More, you interviewing some Gunner’s Mate, who banged some whore while on shore leaved, scared shitless over getting kicked out of the Navy is a little different than meeting an informant in the middle of the night.
So let’s not get a little too cozy on how easy it is. Sometimes it is, sometimes it’s not. But, YES, there is more paperwork than you can imagine and in the so called, Digital Age, it seems like there’s more trees being killed than ever before.
I don’t see the FBI and DOJ surviving this. Some sort of major reorg within DHS for the FBI to keep the two agenices apart.
So long, swamp creature!
People like this guy, who think there can be no wrong doing, and circle the wagons against any accusation regardless of the evidence, is the primary reason there is a Black Lives Matter movement.

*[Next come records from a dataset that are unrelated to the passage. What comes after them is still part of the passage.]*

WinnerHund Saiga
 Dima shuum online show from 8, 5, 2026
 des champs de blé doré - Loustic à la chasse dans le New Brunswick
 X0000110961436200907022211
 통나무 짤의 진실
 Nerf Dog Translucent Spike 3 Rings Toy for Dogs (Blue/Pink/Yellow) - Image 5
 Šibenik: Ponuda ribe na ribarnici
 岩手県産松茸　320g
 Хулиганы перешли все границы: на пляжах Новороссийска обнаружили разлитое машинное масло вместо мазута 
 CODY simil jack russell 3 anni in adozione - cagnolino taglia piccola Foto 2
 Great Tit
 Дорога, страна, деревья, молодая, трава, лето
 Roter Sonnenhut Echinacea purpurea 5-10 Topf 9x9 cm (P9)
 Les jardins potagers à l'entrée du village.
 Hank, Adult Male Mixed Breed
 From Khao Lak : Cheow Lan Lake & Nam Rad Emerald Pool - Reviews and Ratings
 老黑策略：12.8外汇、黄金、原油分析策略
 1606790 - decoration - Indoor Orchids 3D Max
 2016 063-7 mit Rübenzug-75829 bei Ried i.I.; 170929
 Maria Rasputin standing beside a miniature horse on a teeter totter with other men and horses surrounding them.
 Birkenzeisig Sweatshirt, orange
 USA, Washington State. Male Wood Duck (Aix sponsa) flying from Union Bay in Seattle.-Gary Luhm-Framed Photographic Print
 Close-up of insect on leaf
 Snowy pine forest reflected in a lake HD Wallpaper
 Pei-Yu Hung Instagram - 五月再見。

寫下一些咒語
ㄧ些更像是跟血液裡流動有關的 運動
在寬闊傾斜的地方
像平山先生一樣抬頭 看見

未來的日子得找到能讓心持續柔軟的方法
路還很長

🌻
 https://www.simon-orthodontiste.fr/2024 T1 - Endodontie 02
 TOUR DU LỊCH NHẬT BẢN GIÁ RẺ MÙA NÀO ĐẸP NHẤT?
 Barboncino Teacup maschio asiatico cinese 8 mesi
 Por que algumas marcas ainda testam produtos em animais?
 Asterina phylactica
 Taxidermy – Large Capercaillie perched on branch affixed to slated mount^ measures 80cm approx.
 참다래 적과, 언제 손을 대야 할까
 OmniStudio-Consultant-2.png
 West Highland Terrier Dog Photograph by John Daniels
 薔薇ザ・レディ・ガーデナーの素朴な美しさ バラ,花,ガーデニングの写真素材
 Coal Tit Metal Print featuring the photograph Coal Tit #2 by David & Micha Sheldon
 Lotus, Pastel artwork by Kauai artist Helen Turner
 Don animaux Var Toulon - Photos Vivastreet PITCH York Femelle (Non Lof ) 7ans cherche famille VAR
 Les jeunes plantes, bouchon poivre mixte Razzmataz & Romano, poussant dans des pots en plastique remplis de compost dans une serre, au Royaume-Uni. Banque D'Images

Actually no - I was responsible for dealing with a Gunner’s Mate that was running guns and dope through the postal system FPO and into Japan to the Yakuza. He was busted due to failing to lock his foot locker while TAD to base for a class. MAs noted the foot locker unlocked and were required to inventory per base procedures. Found drugs, ammo, and keys to lockers off base. Pulled in the Japanese prosecutors. Every time we opened a locker off base we found more weapons, drugs, and/or keys... they were still opening lockers when he went to trial.
Also had a case where a sailor was in the car with two others who killed a fourth off base. That one made international news and Tokyo police were heavily involved not just local Japanese.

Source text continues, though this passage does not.